Keywords are essential when searching for information from ordinary databases. The location and time stamps of information are also critical in searching and organizing data (such as when making maps or chronological tables). Therefore, in the second stage of area informatics, we are developing visualization and analysis tools using the software GIS (Geographic Information System) and Timeline. For example, we have produced spatiotemporal tools that can convert a place name to its latitude and longitude and convert the Japanese calendar to the Gregorian one (see notes 3, 4, and 5).
Due to the rapid development of information technology (IT), including the use of the Internet since the 1990s, a substantial amount of qualitatively rich information about local areas has been exchanged in real-time on the Web and through SNS, and satellites and monitoring sensors constantly generate big data such as consistently collected datapoints on environmental conditions.

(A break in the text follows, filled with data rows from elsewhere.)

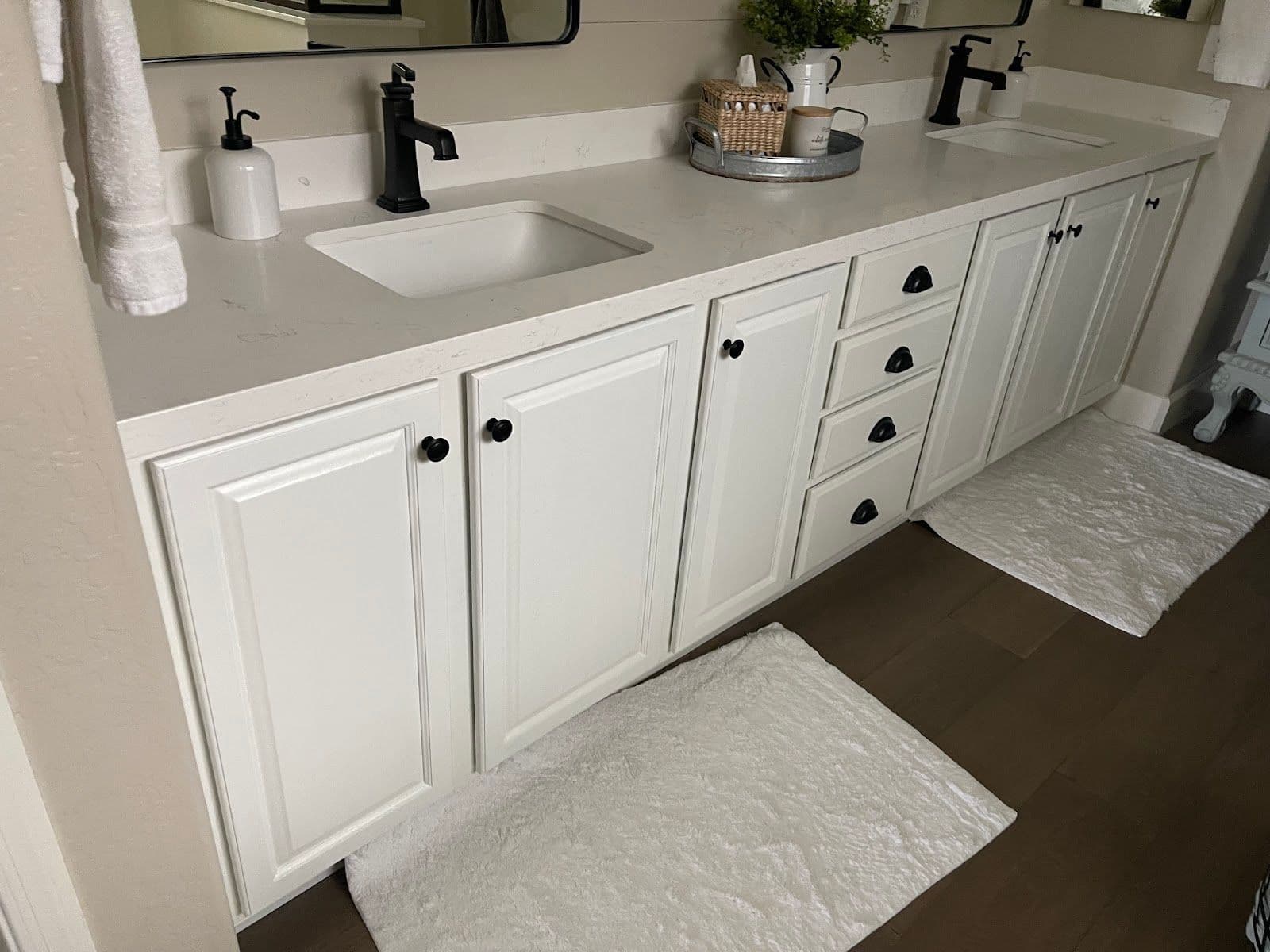 imgi_57_cabinet_refacing_x2lbwfspfwnaj18oblc3ym-1600x1200.jpg
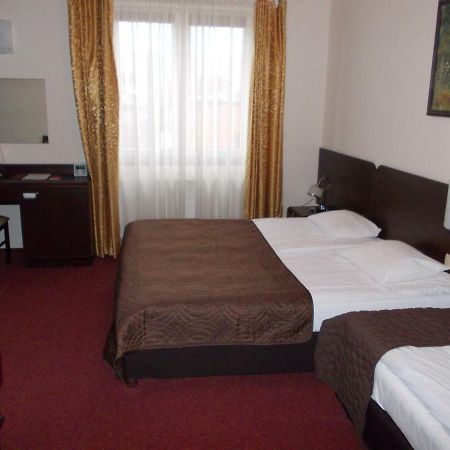 Hotel Pinocy Ledziny エクステリア 写真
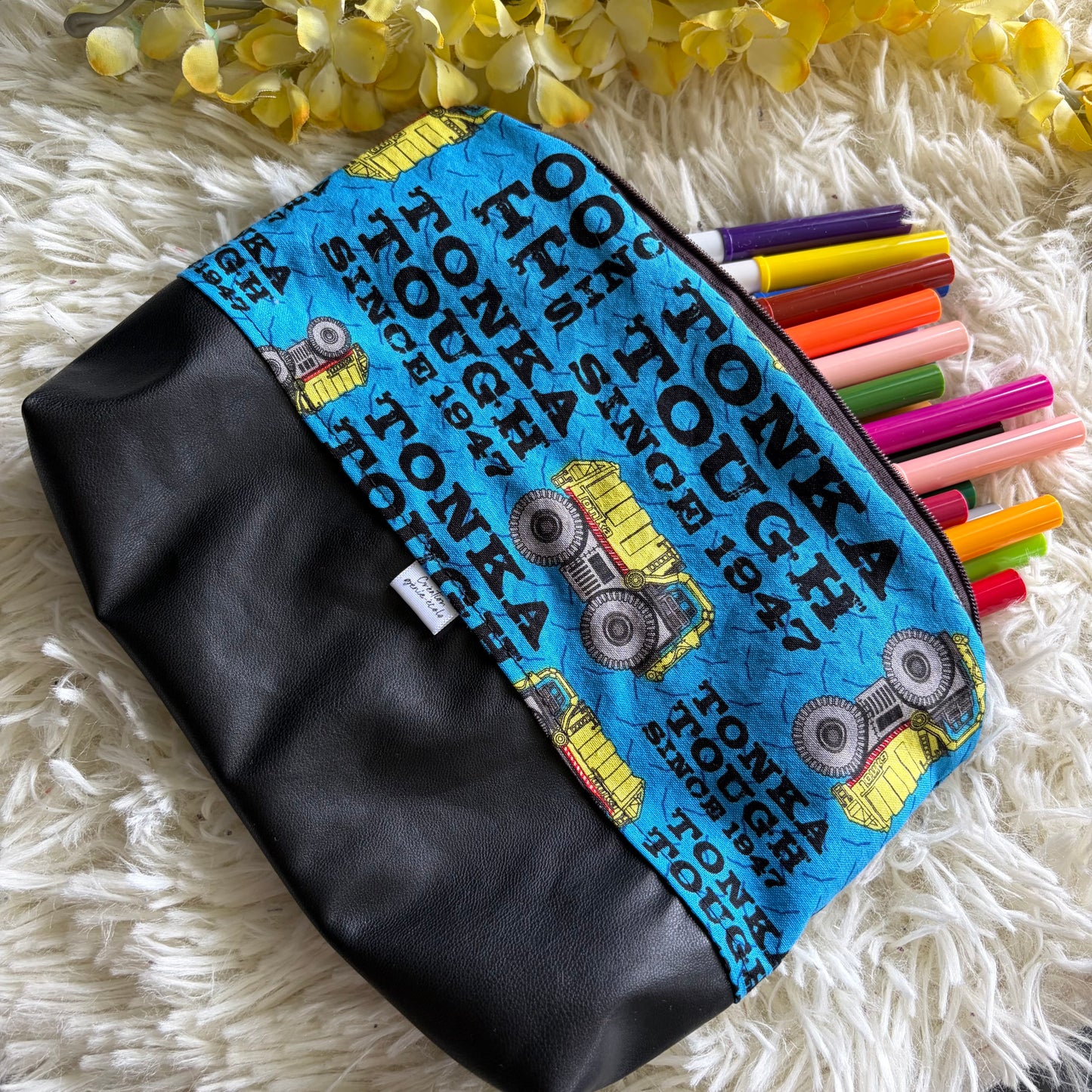 Trousse de crayon / maquillage  camion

Exchange of such data is particularly notable when a large-scale disaster such as an earthquake or tsunami occurs or when a national election is held. Even in area studies, big data available on the Internet is becoming indispensable for research. On the other hand, with the continuous improvement of computer processing power and the advent of new information processing technologies such as artificial intelligence, it has become possible to better understand the depth and scale of problems that have until now been difficult to calculate. Therefore, as a third stage of area informatics, we are struggling with the challenges of 1) visualizing the state or conditions of an area by applying natural language processing and machine learning to big data available on the Internet, and 2) predicting future outcomes based on historical and existing trends in an area by combining models and simulations (for example predicting the effects of implementing a certain policy). While we are not sure of our ultimate outcomes or even what success will look like, I am certain that area informatics is an important research theme.